Vishnu and Shiva temples

This post may add to Aadisht’s contention of Shaivism being superior to Vaishnavism. Earlier this month I’d gone with family to this place called Avani, some 100 km east of Bangalore. The main centre of attraction there was this 10th century Shiva temple that had been built by the Gangas.

As we got off the car, I was pleased to see the signage of the Archaeological Society of India. I’m in general not a big fan of temples. I find them to be overwhelmed with “devotees”, and way too noisy, and more importantly for some reason I’m not allowed to use my camera inside temples. So I was pleased that this being an ASI temple there won’t be any worship in there and so I can take pictures peacefully.

As we entered, though, I saw a number of priestly figures standing around the entrance, and one of them shouted “no photo in temple, no photo in temple” (i was in bermudas and a t-shirt, and wearing a backpack and camera bag so looked foreign types). I just nodded and went on. And then another priest accompanied us, and performed the pooja to the idol.

The temple at Avani is that of Ramalingeshwara, a version of Shiva. Now, the studness with Shiva temples is that the idol is extremely simple. It’s just a penis. And it’s not hard to make, and more importantly it’s hard to break, since it’s monolithic, and usually without any portions that can easily break off.
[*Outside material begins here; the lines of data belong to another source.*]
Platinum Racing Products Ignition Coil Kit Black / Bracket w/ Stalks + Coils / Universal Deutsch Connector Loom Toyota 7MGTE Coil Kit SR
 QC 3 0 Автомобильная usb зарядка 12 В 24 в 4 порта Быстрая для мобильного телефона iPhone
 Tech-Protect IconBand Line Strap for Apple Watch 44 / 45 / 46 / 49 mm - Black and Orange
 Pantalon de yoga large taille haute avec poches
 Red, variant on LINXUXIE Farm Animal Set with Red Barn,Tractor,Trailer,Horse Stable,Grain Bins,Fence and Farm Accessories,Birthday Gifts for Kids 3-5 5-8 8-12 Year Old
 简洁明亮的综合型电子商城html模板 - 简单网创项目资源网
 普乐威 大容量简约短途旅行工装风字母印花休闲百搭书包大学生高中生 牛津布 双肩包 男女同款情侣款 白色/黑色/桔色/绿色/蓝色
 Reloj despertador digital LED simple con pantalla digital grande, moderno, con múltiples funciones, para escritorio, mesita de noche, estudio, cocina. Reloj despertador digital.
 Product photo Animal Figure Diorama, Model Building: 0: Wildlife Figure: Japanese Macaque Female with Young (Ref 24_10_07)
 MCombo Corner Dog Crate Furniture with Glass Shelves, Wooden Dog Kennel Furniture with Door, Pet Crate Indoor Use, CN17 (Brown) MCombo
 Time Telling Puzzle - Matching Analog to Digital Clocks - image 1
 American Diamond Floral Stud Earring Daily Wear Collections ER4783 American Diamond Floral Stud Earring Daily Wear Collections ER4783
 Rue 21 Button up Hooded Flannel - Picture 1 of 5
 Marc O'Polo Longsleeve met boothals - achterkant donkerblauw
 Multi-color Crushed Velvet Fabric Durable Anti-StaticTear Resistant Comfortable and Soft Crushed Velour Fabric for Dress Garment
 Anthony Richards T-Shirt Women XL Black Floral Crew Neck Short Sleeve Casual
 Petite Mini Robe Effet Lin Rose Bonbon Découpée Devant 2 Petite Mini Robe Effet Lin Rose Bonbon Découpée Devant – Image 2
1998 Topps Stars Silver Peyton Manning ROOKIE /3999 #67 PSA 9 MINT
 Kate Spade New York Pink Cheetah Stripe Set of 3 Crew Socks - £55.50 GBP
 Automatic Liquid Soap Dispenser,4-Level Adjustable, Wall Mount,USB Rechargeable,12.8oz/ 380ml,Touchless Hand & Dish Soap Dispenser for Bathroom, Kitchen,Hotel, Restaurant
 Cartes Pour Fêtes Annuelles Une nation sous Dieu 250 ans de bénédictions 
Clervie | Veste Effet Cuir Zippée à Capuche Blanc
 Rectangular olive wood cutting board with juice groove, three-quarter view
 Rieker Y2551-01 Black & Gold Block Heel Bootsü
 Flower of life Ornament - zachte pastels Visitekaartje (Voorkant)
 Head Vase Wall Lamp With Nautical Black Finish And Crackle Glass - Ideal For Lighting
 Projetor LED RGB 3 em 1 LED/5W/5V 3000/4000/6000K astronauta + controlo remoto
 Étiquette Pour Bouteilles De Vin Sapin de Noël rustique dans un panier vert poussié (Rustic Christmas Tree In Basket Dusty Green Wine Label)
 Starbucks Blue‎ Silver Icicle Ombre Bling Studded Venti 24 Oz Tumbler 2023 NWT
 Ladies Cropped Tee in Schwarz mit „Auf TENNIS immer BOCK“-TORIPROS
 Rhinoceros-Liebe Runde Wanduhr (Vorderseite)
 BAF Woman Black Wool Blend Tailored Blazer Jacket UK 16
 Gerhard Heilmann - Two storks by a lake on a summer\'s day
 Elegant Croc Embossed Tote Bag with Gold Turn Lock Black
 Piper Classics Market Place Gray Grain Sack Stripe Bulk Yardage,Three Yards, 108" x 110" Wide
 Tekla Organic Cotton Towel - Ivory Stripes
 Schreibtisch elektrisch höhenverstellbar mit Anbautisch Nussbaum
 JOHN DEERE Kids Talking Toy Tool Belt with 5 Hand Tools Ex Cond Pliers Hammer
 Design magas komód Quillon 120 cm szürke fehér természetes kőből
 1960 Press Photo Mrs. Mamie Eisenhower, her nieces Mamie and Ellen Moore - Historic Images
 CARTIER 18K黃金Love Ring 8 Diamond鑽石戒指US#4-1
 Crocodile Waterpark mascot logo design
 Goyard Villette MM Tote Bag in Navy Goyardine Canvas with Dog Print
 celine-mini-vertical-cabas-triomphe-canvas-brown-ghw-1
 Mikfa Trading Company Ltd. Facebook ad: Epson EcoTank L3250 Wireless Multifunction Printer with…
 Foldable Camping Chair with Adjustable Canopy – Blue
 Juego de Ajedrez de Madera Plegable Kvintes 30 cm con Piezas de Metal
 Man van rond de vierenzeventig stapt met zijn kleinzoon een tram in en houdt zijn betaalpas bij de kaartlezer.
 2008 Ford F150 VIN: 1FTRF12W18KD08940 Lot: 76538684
Contrast this with Vishnu temples, where the idols are of actual human figures, with arms and legs and ears and noses and fingers – all made of relatively thin pieces of stone, which makes it easier to break.

So think of yourself as an invader who for some reason wants to defile a temple by destroying its idols. The very nature of idols in a Vishnu temple makes your job simple. All you need is to give one strong hit which will break off a nose or a toe or a finger – not much damage, but enough to defile the temple and render it useless for the purpose of worship. But get to a Shiva temple, and you see one large penis-shaped stone in there, and you realize it’s not worth your patience to try break it down. So you just loot the vaults and go your way.

And hence, due to the nature of the idols in these temples, Shiva temples are more resilient to invasion and natural disaster compared to Vishnu temples. Aadisht, you can be happy.